* **Brief descriptive captions**
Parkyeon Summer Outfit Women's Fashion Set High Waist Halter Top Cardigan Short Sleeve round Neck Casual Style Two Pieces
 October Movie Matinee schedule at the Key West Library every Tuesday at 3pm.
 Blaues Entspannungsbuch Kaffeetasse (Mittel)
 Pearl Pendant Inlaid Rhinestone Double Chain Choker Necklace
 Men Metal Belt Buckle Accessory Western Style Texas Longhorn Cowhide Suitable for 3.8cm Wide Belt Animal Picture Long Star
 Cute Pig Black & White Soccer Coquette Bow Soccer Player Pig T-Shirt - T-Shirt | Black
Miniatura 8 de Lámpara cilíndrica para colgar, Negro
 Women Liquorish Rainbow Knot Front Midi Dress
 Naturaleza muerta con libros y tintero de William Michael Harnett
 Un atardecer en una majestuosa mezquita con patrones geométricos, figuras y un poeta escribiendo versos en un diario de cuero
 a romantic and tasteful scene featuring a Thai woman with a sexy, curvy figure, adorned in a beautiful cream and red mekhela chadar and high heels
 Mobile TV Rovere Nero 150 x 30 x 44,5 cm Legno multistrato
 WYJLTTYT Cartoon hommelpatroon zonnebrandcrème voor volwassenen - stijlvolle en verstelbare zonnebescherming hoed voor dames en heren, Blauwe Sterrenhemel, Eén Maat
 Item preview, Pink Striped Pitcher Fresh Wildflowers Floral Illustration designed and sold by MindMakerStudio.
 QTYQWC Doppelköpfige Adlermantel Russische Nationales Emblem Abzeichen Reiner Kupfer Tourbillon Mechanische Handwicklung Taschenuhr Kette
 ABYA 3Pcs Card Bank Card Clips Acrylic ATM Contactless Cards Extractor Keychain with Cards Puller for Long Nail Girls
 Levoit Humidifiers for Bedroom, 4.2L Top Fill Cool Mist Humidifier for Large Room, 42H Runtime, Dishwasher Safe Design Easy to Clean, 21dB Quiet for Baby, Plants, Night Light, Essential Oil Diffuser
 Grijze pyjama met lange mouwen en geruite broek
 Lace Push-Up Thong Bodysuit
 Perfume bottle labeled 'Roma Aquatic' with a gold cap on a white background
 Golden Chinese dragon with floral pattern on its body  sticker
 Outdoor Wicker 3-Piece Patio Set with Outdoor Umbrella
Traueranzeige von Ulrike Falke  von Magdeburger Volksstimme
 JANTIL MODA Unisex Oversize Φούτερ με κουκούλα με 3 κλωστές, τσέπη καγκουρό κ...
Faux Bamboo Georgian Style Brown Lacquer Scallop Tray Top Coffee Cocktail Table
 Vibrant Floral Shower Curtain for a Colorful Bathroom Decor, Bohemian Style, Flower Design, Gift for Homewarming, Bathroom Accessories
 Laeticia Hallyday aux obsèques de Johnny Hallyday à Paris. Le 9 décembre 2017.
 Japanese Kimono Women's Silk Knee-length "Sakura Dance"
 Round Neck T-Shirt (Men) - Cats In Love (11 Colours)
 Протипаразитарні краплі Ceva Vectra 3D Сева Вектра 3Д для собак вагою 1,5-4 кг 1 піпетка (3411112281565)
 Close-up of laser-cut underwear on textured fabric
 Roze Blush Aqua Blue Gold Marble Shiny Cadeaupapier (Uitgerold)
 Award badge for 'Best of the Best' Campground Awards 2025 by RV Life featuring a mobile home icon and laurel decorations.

* **TASK REQUIREMENTS**
I would like you to return every entry exactly, with nothing changed.

* **TASK ANSWER**
Parkyeon Summer Outfit Women's Fashion Set High Waist Halter Top Cardigan Short Sleeve round Neck Casual Style Two Pieces
 October Movie Matinee schedule at the Key West Library every Tuesday at 3pm.
 Blaues Entspannungsbuch Kaffeetasse (Mittel)
 Pearl Pendant Inlaid Rhinestone Double Chain Choker Necklace
 Men Metal Belt Buckle Accessory Western Style Texas Longhorn Cowhide Suitable for 3.8cm Wide Belt Animal Picture Long Star
 Cute Pig Black & White Soccer Coquette Bow Soccer Player Pig T-Shirt - T-Shirt | Black
Miniatura 8 de Lámpara cilíndrica para colgar, Negro
 Women Liquorish Rainbow Knot Front Midi Dress
 Naturaleza muerta con libros y tintero de William Michael Harnett
 Un atardecer en una majestuosa mezquita con patrones geométricos, figuras y un poeta escribiendo versos en un diario de cuero
 a romantic and tasteful scene featuring a Thai woman with a sexy, curvy figure, adorned in a beautiful cream and red mekhela chadar and high heels
 Mobile TV Rovere Nero 150 x 30 x 44,5 cm Legno multistrato
 WYJLTTYT Cartoon hommelpatroon zonnebrandcrème voor volwassenen - stijlvolle en verstelbare zonnebescherming hoed voor dames en heren, Blauwe Sterrenhemel, Eén Maat
 Item preview, Pink Striped Pitcher Fresh Wildflowers Floral Illustration designed and sold by MindMakerStudio.
 QTYQWC Doppelköpfige Adlermantel Russische Nationales Emblem Abzeichen Reiner Kupfer Tourbillon Mechanische Handwicklung Taschenuhr Kette
 ABYA 3Pcs Card Bank Card Clips Acrylic ATM Contactless Cards Extractor Keychain with Cards Puller for Long Nail Girls
 Levoit Humidifiers for Bedroom, 4.2L Top Fill Cool Mist Humidifier for Large Room, 42H Runtime, Dishwasher Safe Design Easy to Clean, 21dB Quiet for Baby, Plants, Night Light, Essential Oil Diffuser
 Grijze pyjama met lange mouwen en geruite broek
 Lace Push-Up Thong Bodysuit
 Perfume bottle labeled 'Roma Aquatic' with a gold cap on a white background
 Golden Chinese dragon with floral pattern on its body  sticker
 Outdoor Wicker 3-Piece Patio Set with Outdoor Umbrella
Traueranzeige von Ulrike Falke  von Magdeburger Volksstimme
 JANTIL MODA Unisex Oversize Φούτερ με κουκούλα με 3 κλωστές, τσέπη καγκουρό κ...
Faux Bamboo Georgian Style Brown Lacquer Scallop Tray Top Coffee Cocktail Table
 Vibrant Floral Shower Curtain for a Colorful Bathroom Decor, Bohemian Style, Flower Design, Gift for Homewarming, Bathroom Accessories
 Laeticia Hallyday aux obsèques de Johnny Hallyday à Paris. Le 9 décembre 2017.
 Japanese Kimono Women's Silk Knee-length "Sakura Dance"
 Round Neck T-Shirt (Men) - Cats In Love (11 Colours)
 Протипаразитарні краплі Ceva Vectra 3D Сева Вектра 3Д для собак вагою 1,5-4 кг 1 піпетка (3411112281565)
 Close-up of laser-cut underwear on textured fabric
 Roze Blush Aqua Blue Gold Marble Shiny Cadeaupapier (Uitgerold)
 Award badge for 'Best of the Best' Campground Awards 2025 by RV Life featuring a mobile home icon and laurel decorations.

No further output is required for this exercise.